In the listing that follows, give every line again exactly and omit the pictures.

> _Data segment_:
■ ■ ■ ■ ■ ■ ■

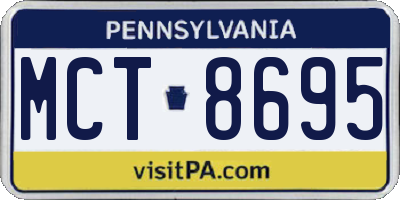 PA license plate MCT8695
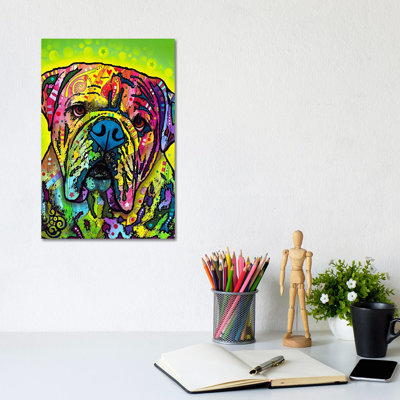 Hey Bulldog by Dean Russo - Wrapped Canvas Painting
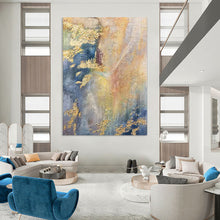 Load image into Gallery viewer, Gold & Blue Textured Abstract Painting, Ideal for Luxury Living Room & Art - Filled Office LargeART2113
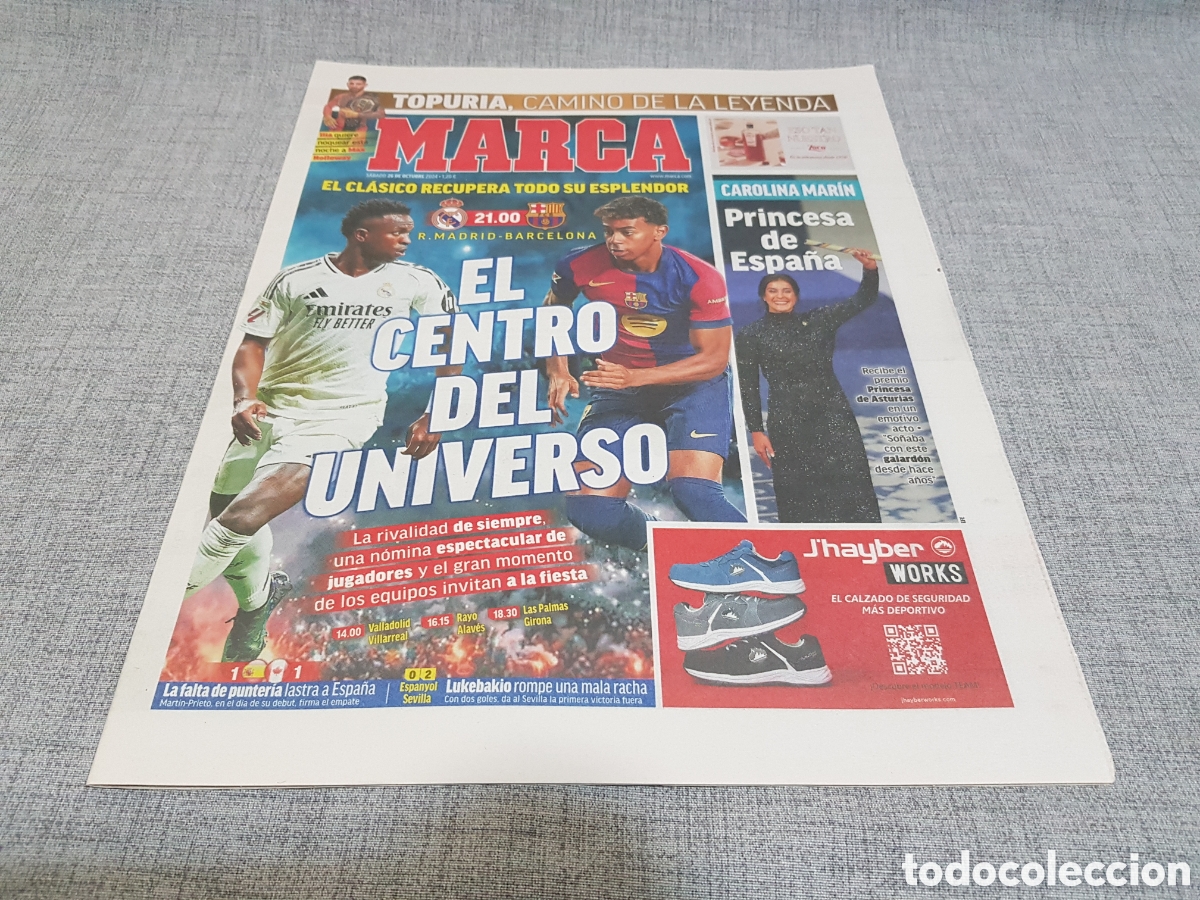 Collezionismo sportivo: MARCA S&Aacute;BADO 26 OCTUBRE 2024 TOPURIA LEYENDA CAROLINA MAR&Iacute;N PRINCESA ASTURIAS CL&Aacute;SICO MADRID BAR&Ccedil;A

■ ■ ■ ■ ■ ■ ■

> _Reply_:
 PA license plate MCT8695
 Hey Bulldog by Dean Russo - Wrapped Canvas Painting
 Load image into Gallery viewer, Gold & Blue Textured Abstract Painting, Ideal for Luxury Living Room & Art - Filled Office LargeART2113
 Collezionismo sportivo: MARCA S&Aacute;BADO 26 OCTUBRE 2024 TOPURIA LEYENDA CAROLINA MAR&Iacute;N PRINCESA ASTURIAS CL&Aacute;SICO MADRID BAR&Ccedil;A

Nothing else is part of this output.